2017 is pretty much all about Roth for me. In 2015 I basically tried to train through from the end of December until September and I think I burned out near the end. That was a 33 week build up, too much. This time I want to be smarter, and try a 16 week build up, that means starting proper Roth training on the 19th of March.
Obviously I won’t be doing nothing until then, but I won’t be specifically training for the long distance until then.
Monday | Tuesday | Wednesday | Thursday | Friday | Saturday | Sunday |
Swim 1h15 | Run 1h15 | Run 1h15 | Swim 1h30 | Run 1h15 | Long Run 2h | Long Bike 4h |
Bike 1h30 | Bike 1h30 | Swim 1h15 |
I like the idea of the above as a skeleton plan.

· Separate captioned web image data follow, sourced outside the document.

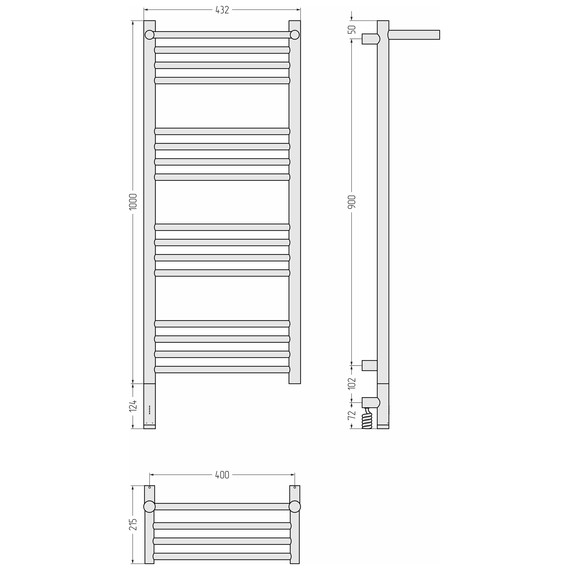 Полотенцесушитель электрический Сунержа Богема 3.1 с полкой П16 400x1120 мм 32-6006-1040 L, золотой шёлк - фото 4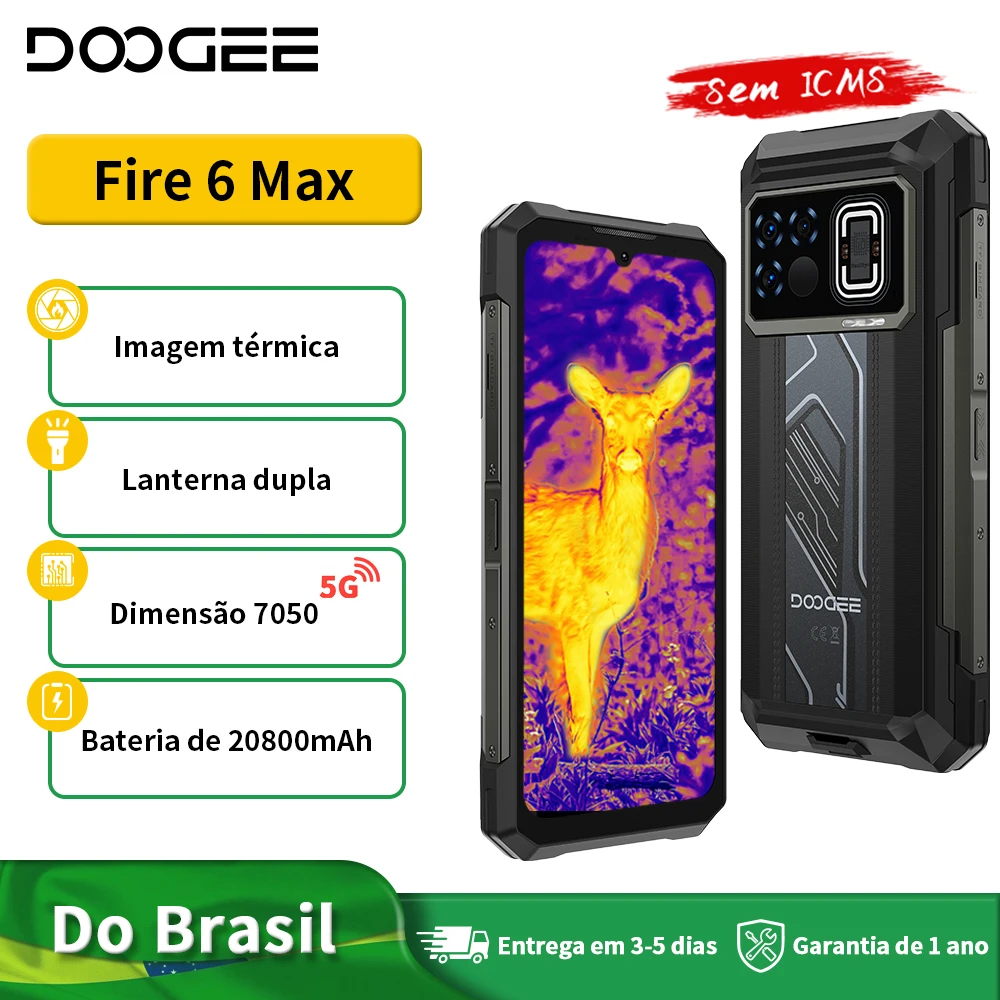 DOOGEE Fire 6 Max 5G هاتف متين مصباح يدوي مزدوج 6.72 "الأبعاد 7050 التصوير الحراري 20800mAh بطارية كبيرة 5G الهاتف المحمول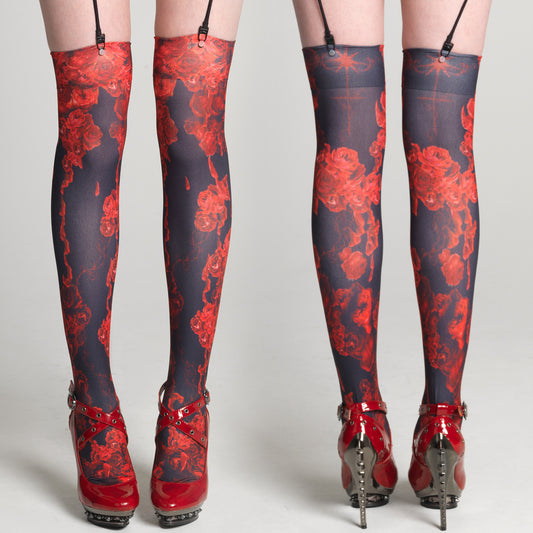 Red Bloody Rose Overknees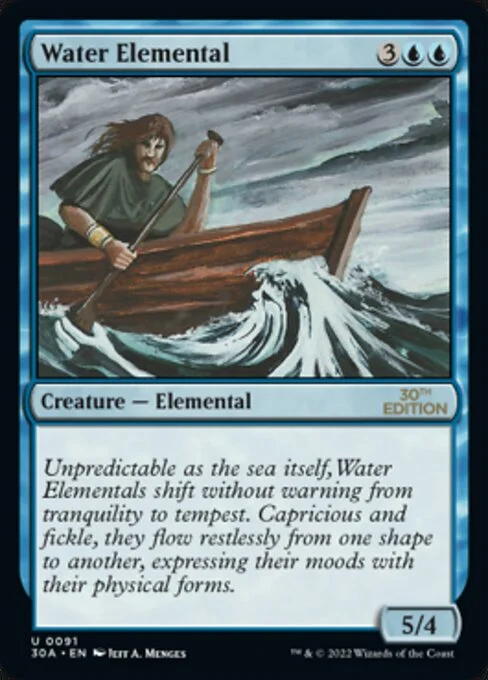 Water Elemental, carta Magic di tipo Creature — Elemental illustrata da Jeff A. Menges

On swim training days (Monday and Thursday) I can tack on a bike ride before or after the swim, I need to get to the pool and back anyway, so that is 20km, another 25-30km and that would do as a little bike session.
The above times would give me:
Running – 5h15 – 65km
Cycling – 7h – 210km
Swimming – 4h -10km
16h+ a week is a fair amount, I think I will try the old 3 up weeks, 1 down week tactic to keep fresh. The down weeks should probably be similar but with normal runs and bikes instead of the longer sessions along with cutting out a run on Tuesday or Wednesday for a compete rest day leaving about 11 hours.
I need to be smart about my race planning too, Saturday races are much better for me that Sunday races, as if I race on Sunday, I will either have to take it easy on Saturday, or go into the race tired. That makes Zell and Worms both a little difficult for me, they are both on Sundays, only sprints but league races. They also fall in up weeks, so I will need to add on extra mileage somehow after the races.
Liege Bastogne Liege is also on a Sunday, but I think that will count as my long ride, as at 271km I think it might count as my long ride!